───── EXTRACTED ENTRIES ─────

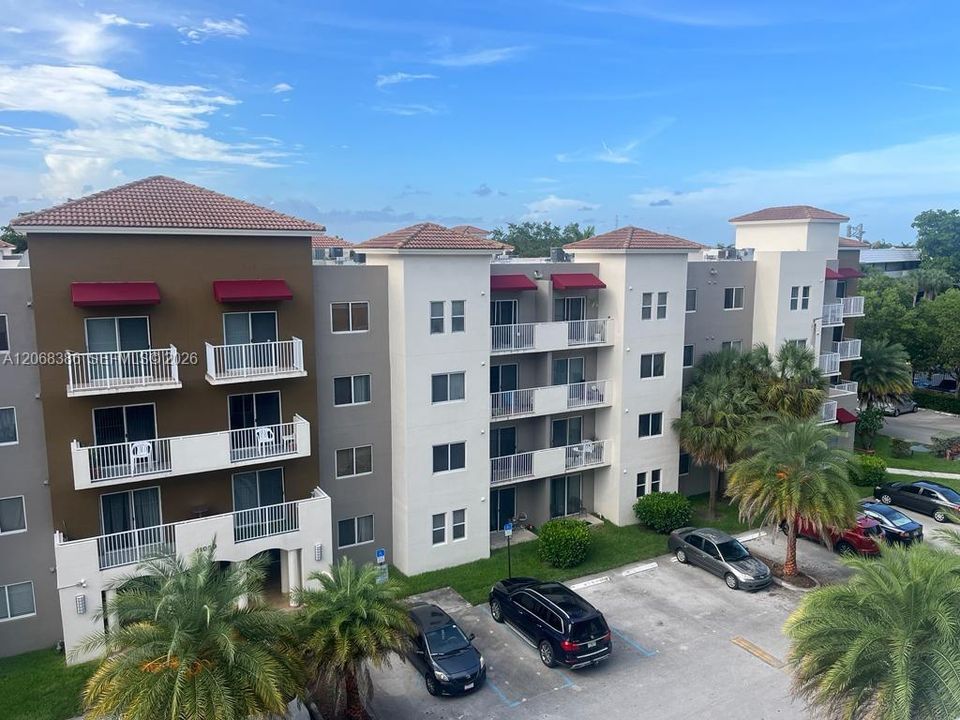 For Rent: $2,000 (2 beds, 2 baths, 809 Square Feet)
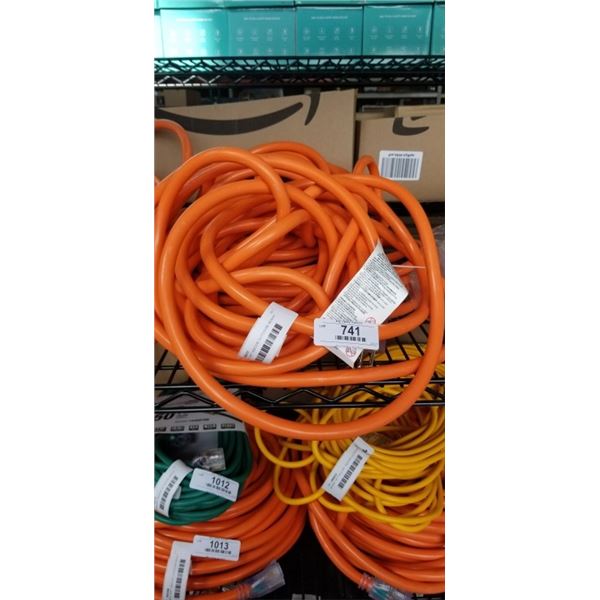 AS NEW 100FT INDOOR OUTDOOR HEAVY DUTY LIGHTED 3 WIRE GROUNDED EXTENSION CORD,ORANGE, 10AWG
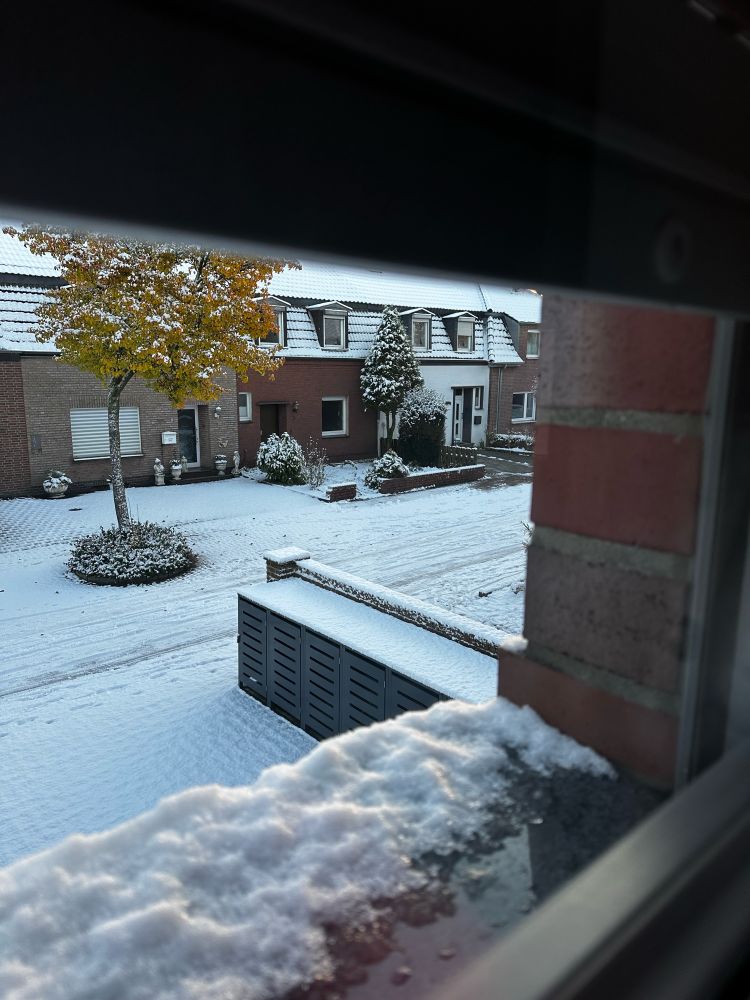 SCHNEE???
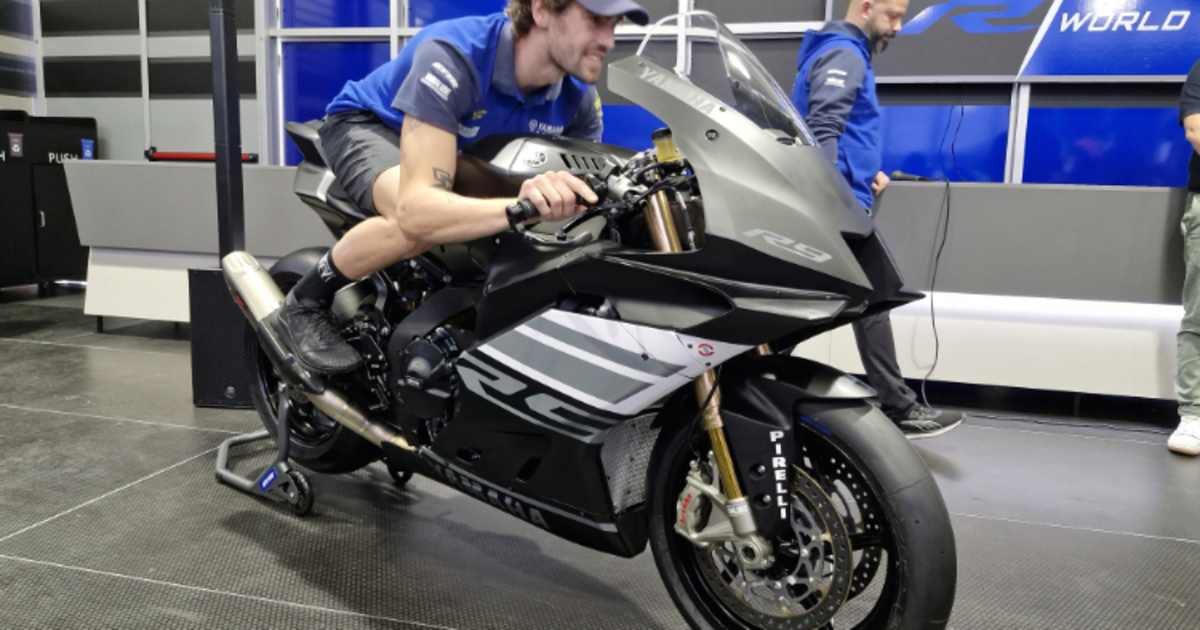 Neue Yamaha R9: Erste Bilder des Rennbikes für 2025 - Supersport-WM ...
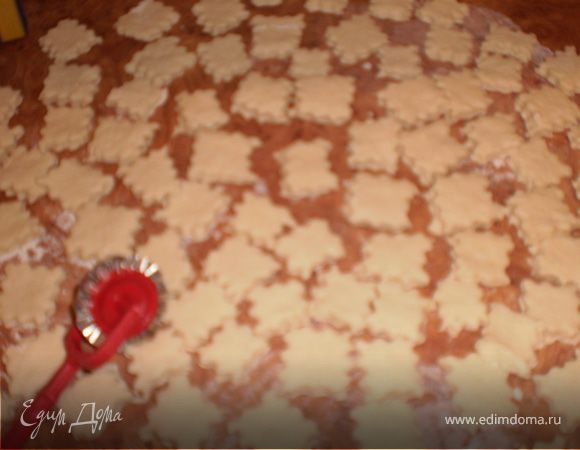 Раскатать тесто толщиной 5 мм. Нарезать квадратами в 1-2 см, отварить в подсоленой воде или бульоне. Когда галушки всплывут, откинуть на сито.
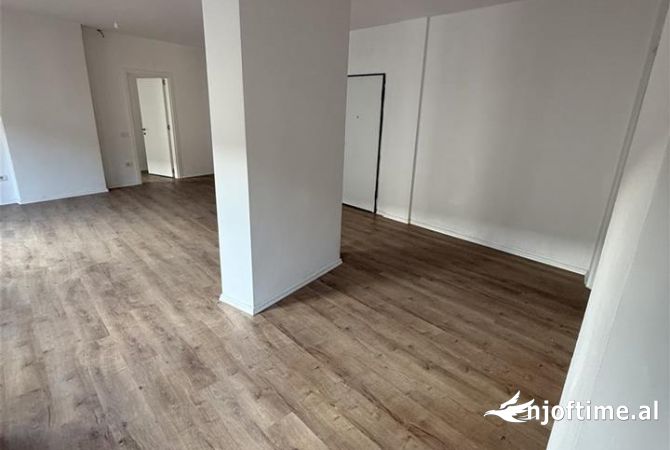 Jepet super ambjent per zyra tek rruga durresjt  tek spari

─────

#### ABOUT THIS EXERCISE
Word for word, restate only the lines from the one bearing "Раскатать тесто толщиной" through the final line of the listing, inclusive, with no pictures.

#### ANSWER TO THE EXERCISE
 Раскатать тесто толщиной 5 мм. Нарезать квадратами в 1-2 см, отварить в подсоленой воде или бульоне. Когда галушки всплывут, откинуть на сито.
 Jepet super ambjent per zyra tek rruga durresjt  tek spari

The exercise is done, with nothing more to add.